GIVEN RECORDS ::
-------
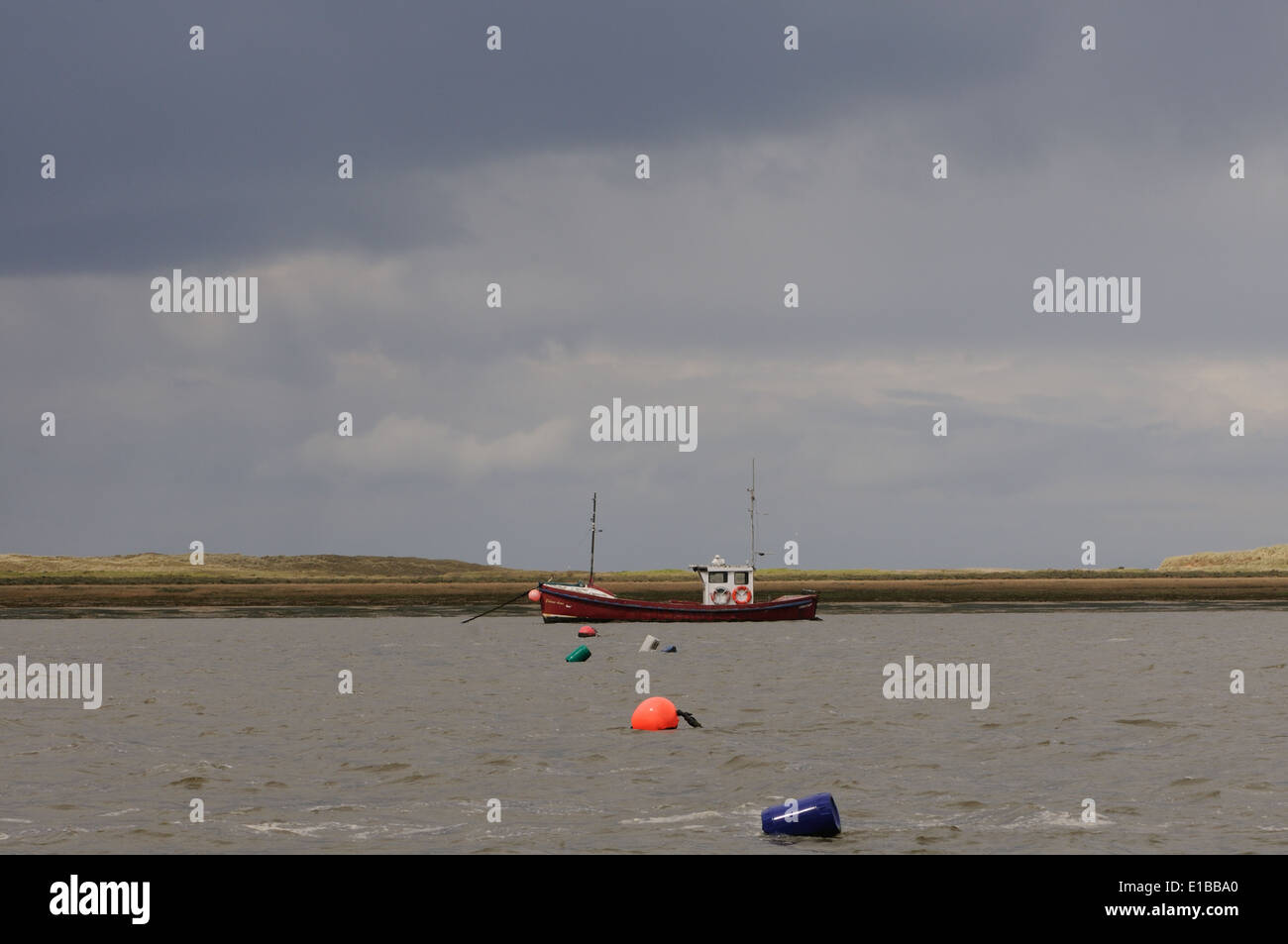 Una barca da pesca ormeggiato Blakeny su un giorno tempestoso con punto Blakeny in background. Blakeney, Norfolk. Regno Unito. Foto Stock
-------
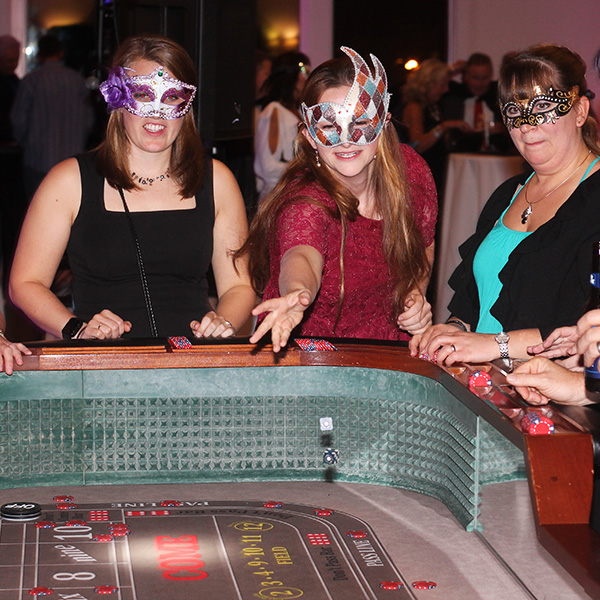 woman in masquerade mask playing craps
-------
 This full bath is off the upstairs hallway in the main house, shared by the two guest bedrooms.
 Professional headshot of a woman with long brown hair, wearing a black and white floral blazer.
-------
YOUR GOAL :: Reproduce the lines of the entries above from the one with "This full bath" to the one with "Professional headshot of", both included, exactly and without any other line.

SOLUTION FOR THIS PROBLEM ::
 This full bath is off the upstairs hallway in the main house, shared by the two guest bedrooms.
 Professional headshot of a woman with long brown hair, wearing a black and white floral blazer.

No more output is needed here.